Task details:
Once the line containing "Yet another interesting" is located in the records below, repeat it and all lines that follow it exactly, leaving out any picture.

Recorded data
○ ○ ○ ○ ○

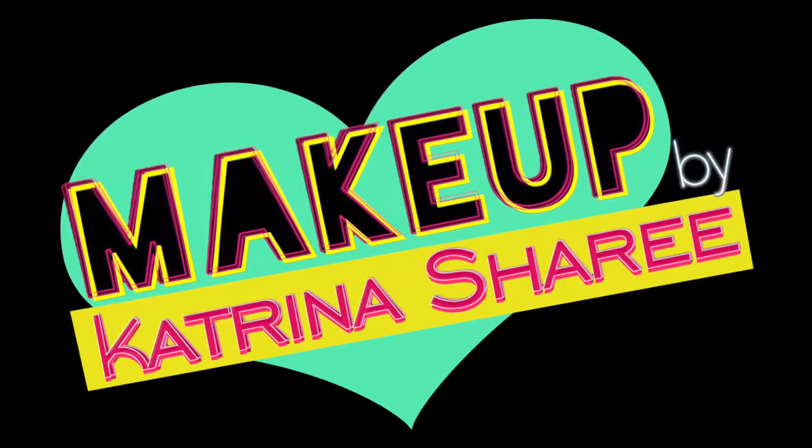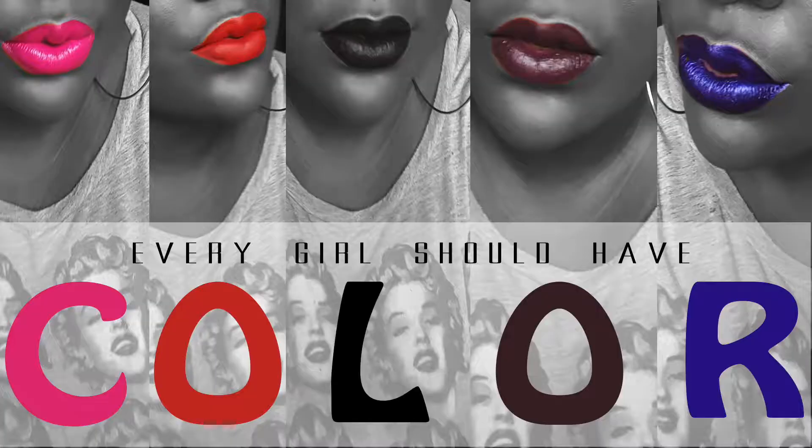Makeup by Katrina Sheree, and we are going to do a video today talking about my top five — maybe a couple more — lip colors that I think every girl should have in her collection.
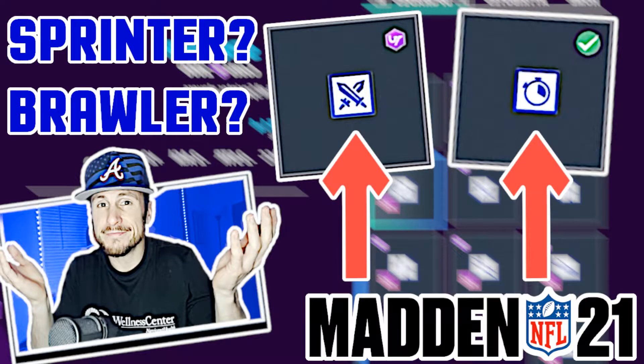If you missed our previous video, I'll leave a link in the description for you to go check it out. In it, we have a riveting discussion on whether sprinter or brawler is a better physical chemistry in Madden 21. If you're interested, go check that video out.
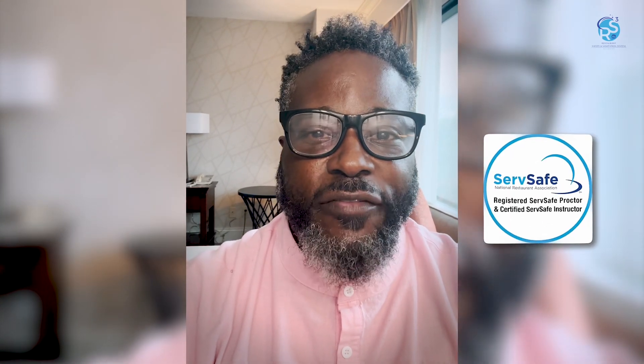Hello, I'm Dexter Mitchell and I'm with RS3 Academy. RS3 is a training and certification company in the hospitality industry. We provide ServSafe manager training, food handler, and we also provide alcohol training.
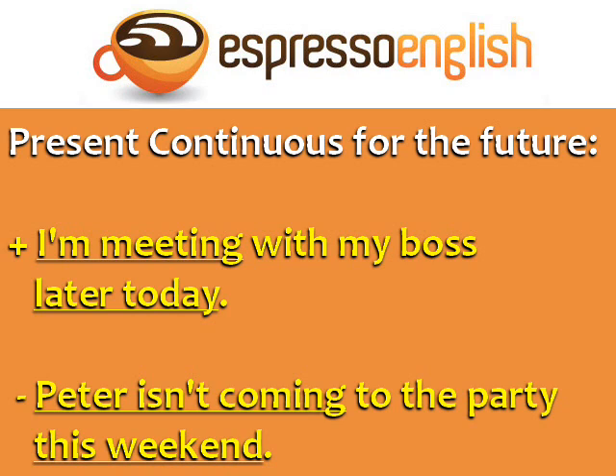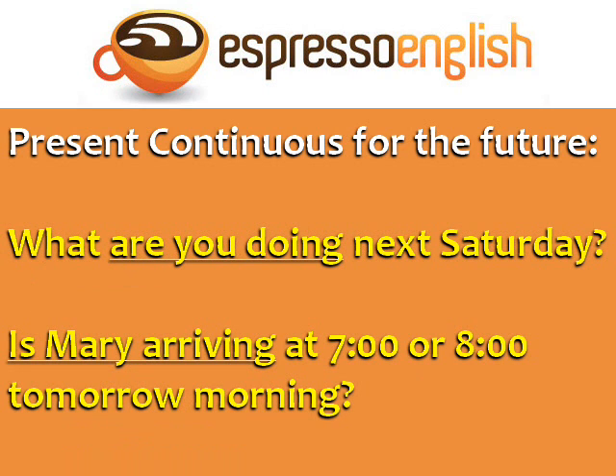Here's a negative example: 'Peter isn't coming to the party this weekend.' 'This weekend' places the event in the future, but we use the present continuous: 'isn't coming.' We can also use the present continuous for the future in questions. For example, 'What are you doing next Saturday?' 'Is Mary arriving at 7 o'clock or 8 o'clock tomorrow morning?'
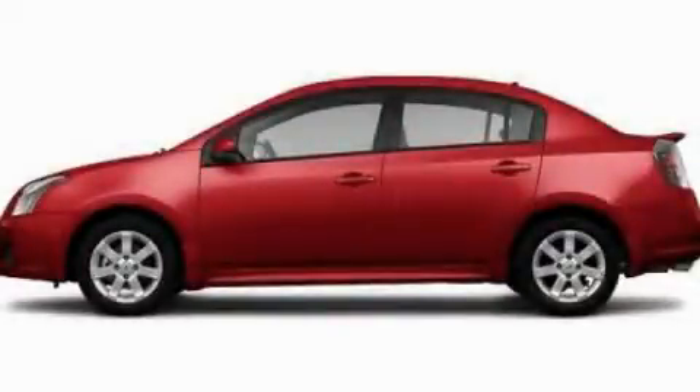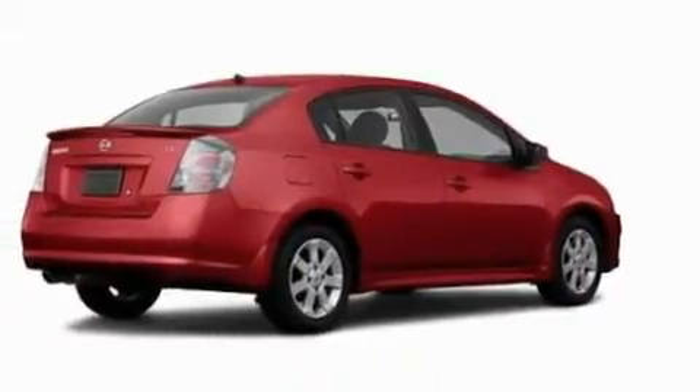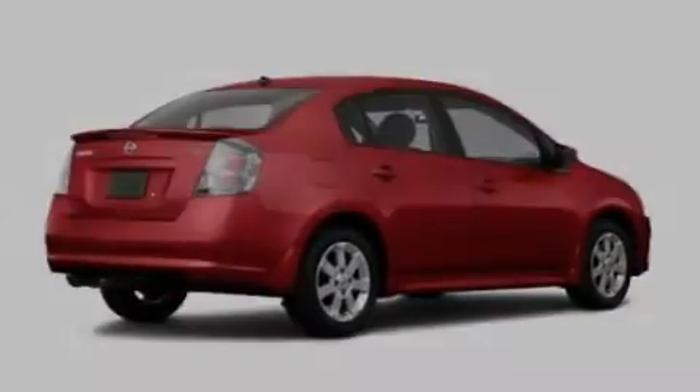This is a 2011 Nissan Sentra. It features a 2.0-liter four-cylinder engine and a continuous variable transmission.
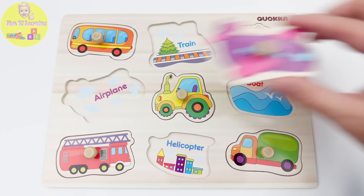Perfect fit. Great job, young learners. You helped me find all the missing puzzle pieces. I hope you had a fun and learning time with these vehicles. Until next time, keep learning and exploring. Bye-bye. For more videos, please like and subscribe.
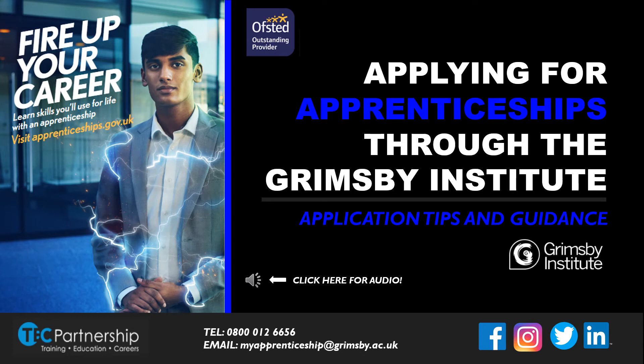Hello, my name is Shakila and I'm a learner engagement consultant, part of the apprenticeship team at the Grimsby Institute. Throughout this PowerPoint, we're going to talk you through how to apply for an apprenticeship with us at the Grimsby Institute. This PowerPoint includes all of our top tips and guidance to help you create the best application possible.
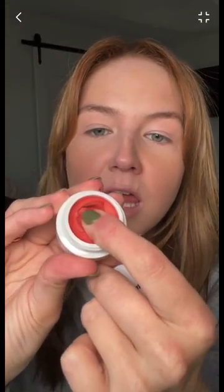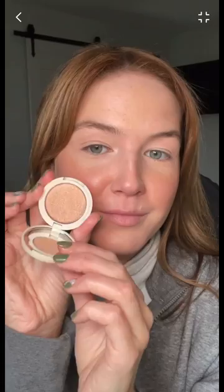I decided to spice up my boring makeup today with a little Jones Road kit that I got in the mail. It comes with four of their products, and I started off with the iconic Miracle Balm. I love breaking the seal on these — it is so incredibly satisfying. This one's in the shade Miami Beach, and it's just a nice, juicy, plump peach tone.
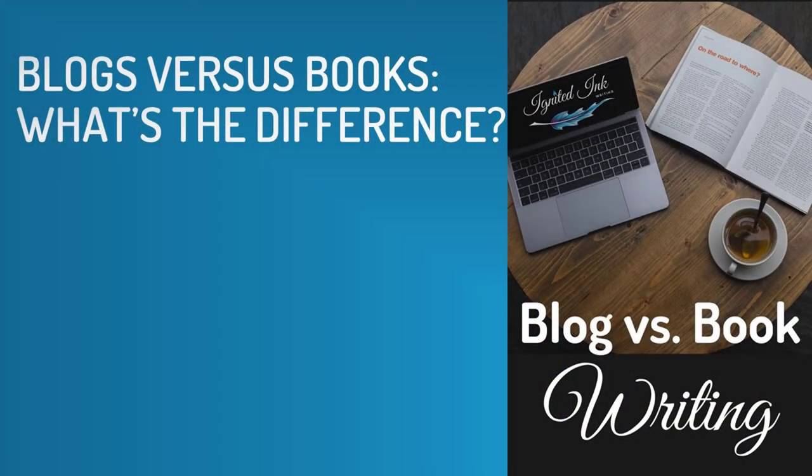Let's start with blogs versus books. What's the difference? Blogs and books are different types of writing because they have different structures, purposes, and audiences.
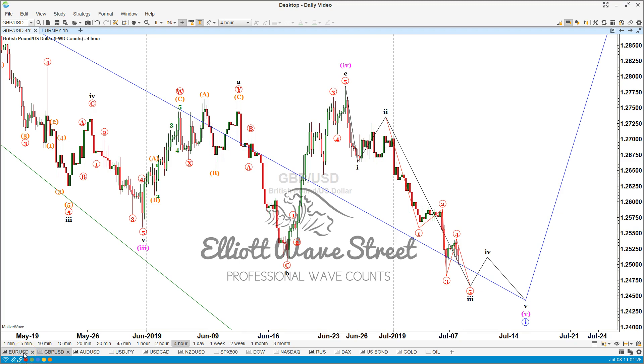Good morning traders, Juan Maldonado here from the Eliud Wave Street. As always, it's a pleasure to be with you today. Don't forget to visit EliudWaveStreet.com to read our disclaimer.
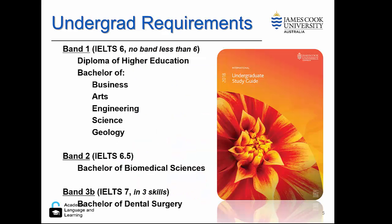Undergraduate requirements at JCU are IELTS band 6, with no band or skill less than 6, for the diploma and many of the bachelors that we offer. Biomedical sciences, for example, requires slightly higher at IELTS 6.5, which is band 2, and dental surgery requires a band 3B.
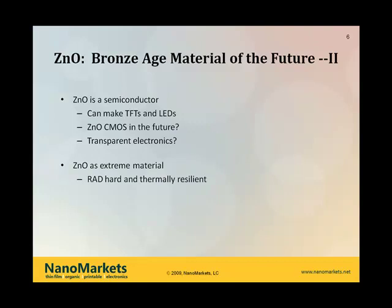Yet another interesting property of ZNO is what we call here an extreme material — it's rad-hard and thermally resilient. That makes it an acceptable material in certain medical environments such as radiology, but also in the military. As far as thermally resilient applications go, it has parallel applications to what's currently being done with silicon carbide in power electronics, where some parts need very high thermal resilience. Finally, ZNO is an interesting nanomaterial — it's very easy to make into important nanostructures and shows some potential because of its ferromagnetic properties in spintronics.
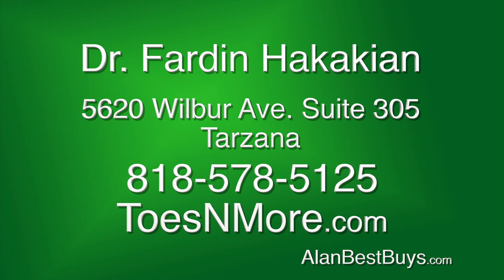5620 Wilbur Avenue, Suite 305, Tarzana. 818-578-5125.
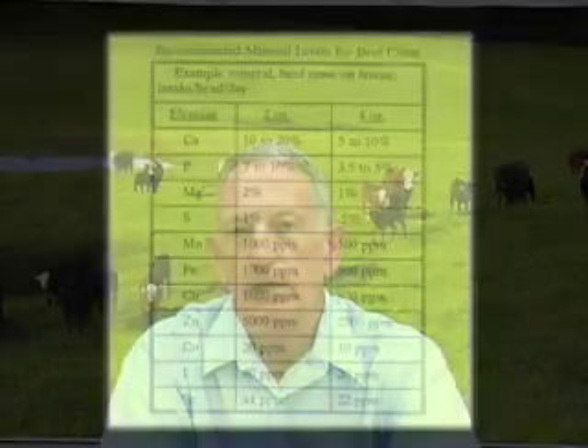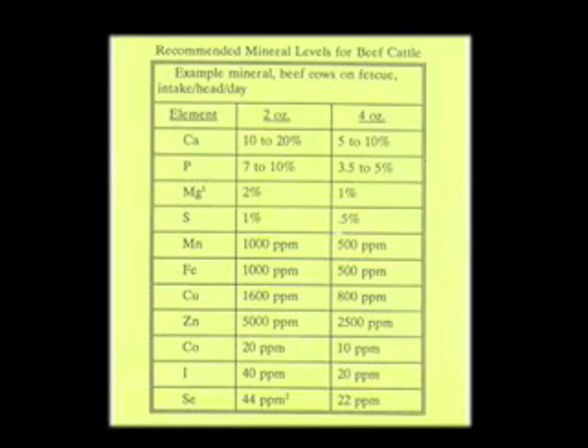We have some general recommendations for levels of minerals in beef cattle mineral supplements. Looking at the table presented here, calcium should be somewhere in the 10 to 24 percent range, phosphorus 5 to 12 percent — you'll notice that gives us somewhere in that 2 to 1 ratio discussed earlier. Manganese 2 percent, magnesium 10 to 16 percent, sulfur no more than 1 percent because too much sulfur causes copper deficiencies. Copper content should be around 1,750 parts per million unless you're having a problem and need to increase above that. Zinc at around 3,000 parts per million, cobalt 20, iodine at about 50 parts per million. These are just general recommendations, not extremes.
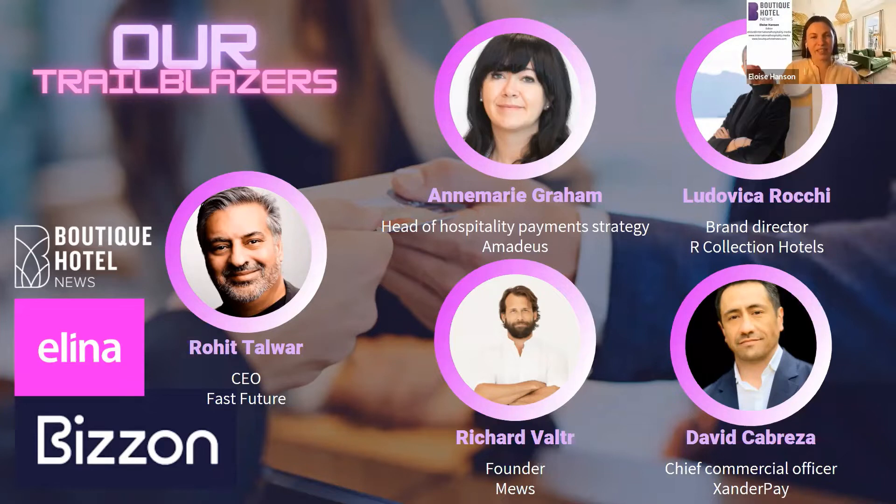Thank you David. And last but not least, Ludovica. Hello, nice to meet you all. I'm Ludovica Rocchi, brand director and part of the family owning the Art Collection Hotels — a 100% Italian family-owned business with a strong vocation for excellence in hospitality. We have an important presence on Lake Como with five hotels, in Liguria by the seaside, and three locations in Milan as more business properties.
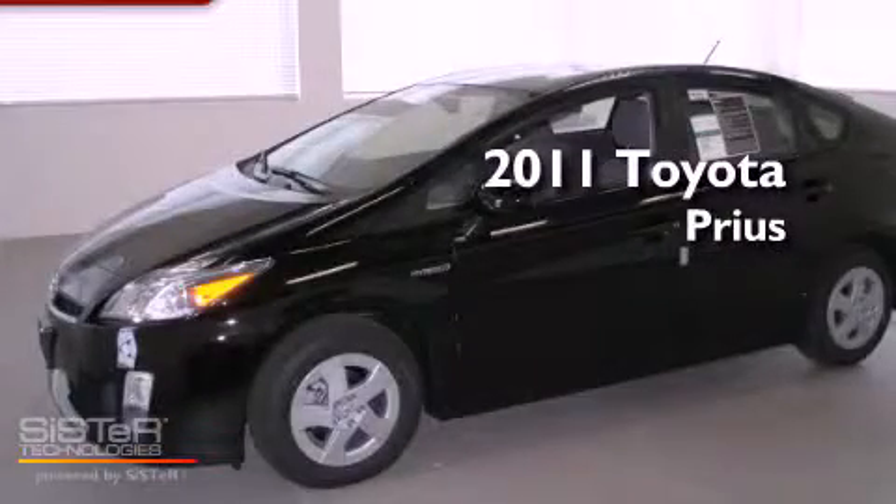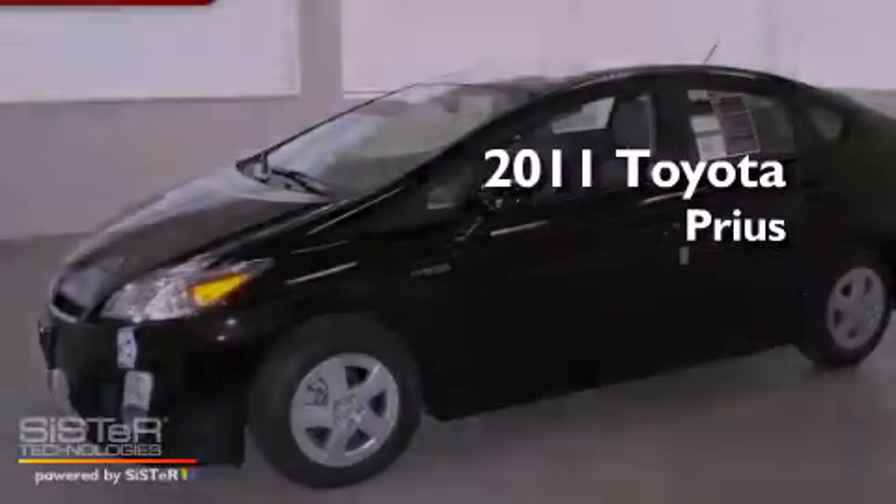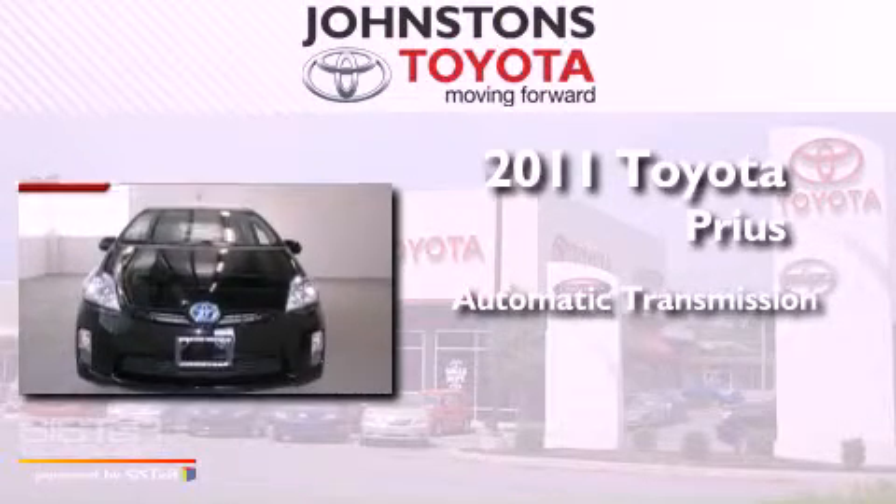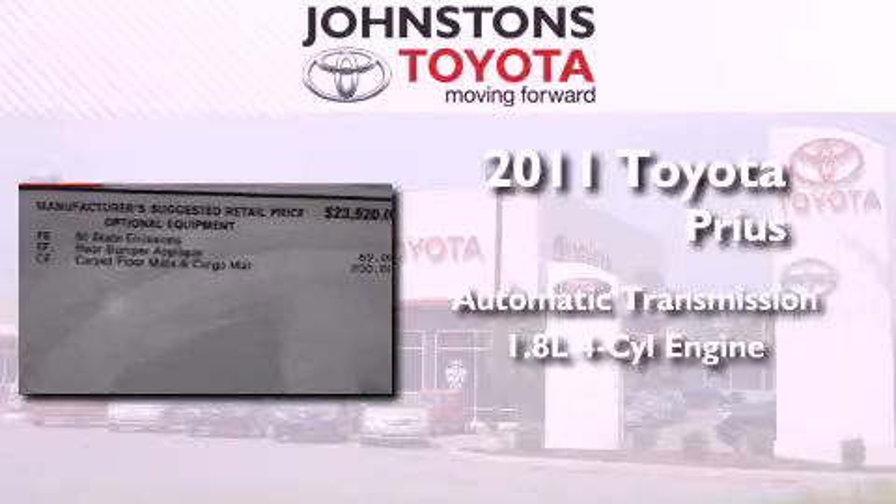This is a brand new 2011 Toyota Prius. This four-door sedan has an automatic transmission and an inline four-cylinder engine.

○ ○ ○ ○ ○

Finished task:
Yet another interesting property of ZNO is what we call here an extreme material — it's rad-hard and thermally resilient. That makes it an acceptable material in certain medical environments such as radiology, but also in the military. As far as thermally resilient applications go, it has parallel applications to what's currently being done with silicon carbide in power electronics, where some parts need very high thermal resilience. Finally, ZNO is an interesting nanomaterial — it's very easy to make into important nanostructures and shows some potential because of its ferromagnetic properties in spintronics.
5620 Wilbur Avenue, Suite 305, Tarzana. 818-578-5125.
We have some general recommendations for levels of minerals in beef cattle mineral supplements. Looking at the table presented here, calcium should be somewhere in the 10 to 24 percent range, phosphorus 5 to 12 percent — you'll notice that gives us somewhere in that 2 to 1 ratio discussed earlier. Manganese 2 percent, magnesium 10 to 16 percent, sulfur no more than 1 percent because too much sulfur causes copper deficiencies. Copper content should be around 1,750 parts per million unless you're having a problem and need to increase above that. Zinc at around 3,000 parts per million, cobalt 20, iodine at about 50 parts per million. These are just general recommendations, not extremes.
Thank you David. And last but not least, Ludovica. Hello, nice to meet you all. I'm Ludovica Rocchi, brand director and part of the family owning the Art Collection Hotels — a 100% Italian family-owned business with a strong vocation for excellence in hospitality. We have an important presence on Lake Como with five hotels, in Liguria by the seaside, and three locations in Milan as more business properties.
This is a brand new 2011 Toyota Prius. This four-door sedan has an automatic transmission and an inline four-cylinder engine.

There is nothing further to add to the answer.